Work order: Below are the entries; give again exactly the lines from the one mentioning "This is a brand" through the one mentioning "One of the other", inclusive.

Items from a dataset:
◇ ◇ ◇ ◇

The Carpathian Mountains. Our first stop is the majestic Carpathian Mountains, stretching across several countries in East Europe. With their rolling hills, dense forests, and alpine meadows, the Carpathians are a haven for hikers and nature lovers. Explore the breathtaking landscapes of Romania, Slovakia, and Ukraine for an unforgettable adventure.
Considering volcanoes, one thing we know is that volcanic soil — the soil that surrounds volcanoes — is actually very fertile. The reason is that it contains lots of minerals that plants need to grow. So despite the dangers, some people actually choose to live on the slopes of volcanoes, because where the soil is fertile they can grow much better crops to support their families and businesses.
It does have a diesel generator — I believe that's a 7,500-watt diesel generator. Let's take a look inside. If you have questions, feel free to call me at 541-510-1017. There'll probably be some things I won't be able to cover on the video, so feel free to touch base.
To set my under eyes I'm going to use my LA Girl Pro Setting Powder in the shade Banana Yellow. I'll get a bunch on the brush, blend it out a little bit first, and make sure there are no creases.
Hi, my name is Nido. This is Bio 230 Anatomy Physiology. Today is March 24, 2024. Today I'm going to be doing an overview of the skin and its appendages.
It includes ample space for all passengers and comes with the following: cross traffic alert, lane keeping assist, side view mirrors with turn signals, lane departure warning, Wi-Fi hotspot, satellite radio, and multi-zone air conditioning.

◇ ◇ ◇ ◇

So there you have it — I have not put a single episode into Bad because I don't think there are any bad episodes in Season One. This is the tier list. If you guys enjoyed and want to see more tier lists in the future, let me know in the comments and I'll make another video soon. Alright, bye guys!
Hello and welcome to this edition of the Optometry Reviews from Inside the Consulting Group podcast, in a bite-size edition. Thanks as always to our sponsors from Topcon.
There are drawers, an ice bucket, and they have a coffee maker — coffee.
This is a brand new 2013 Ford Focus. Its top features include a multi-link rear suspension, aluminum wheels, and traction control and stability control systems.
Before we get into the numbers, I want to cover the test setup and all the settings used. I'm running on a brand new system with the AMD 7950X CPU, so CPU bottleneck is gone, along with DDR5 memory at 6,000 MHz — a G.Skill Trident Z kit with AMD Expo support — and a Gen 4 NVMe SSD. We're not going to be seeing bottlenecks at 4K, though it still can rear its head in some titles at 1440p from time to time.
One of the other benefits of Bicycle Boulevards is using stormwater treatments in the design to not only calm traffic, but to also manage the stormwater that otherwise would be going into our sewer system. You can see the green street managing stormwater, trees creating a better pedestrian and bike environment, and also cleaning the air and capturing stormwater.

◇ ◇ ◇ ◇

Response to this exercise:
This is a brand new 2013 Ford Focus. Its top features include a multi-link rear suspension, aluminum wheels, and traction control and stability control systems.
Before we get into the numbers, I want to cover the test setup and all the settings used. I'm running on a brand new system with the AMD 7950X CPU, so CPU bottleneck is gone, along with DDR5 memory at 6,000 MHz — a G.Skill Trident Z kit with AMD Expo support — and a Gen 4 NVMe SSD. We're not going to be seeing bottlenecks at 4K, though it still can rear its head in some titles at 1440p from time to time.
One of the other benefits of Bicycle Boulevards is using stormwater treatments in the design to not only calm traffic, but to also manage the stormwater that otherwise would be going into our sewer system. You can see the green street managing stormwater, trees creating a better pedestrian and bike environment, and also cleaning the air and capturing stormwater.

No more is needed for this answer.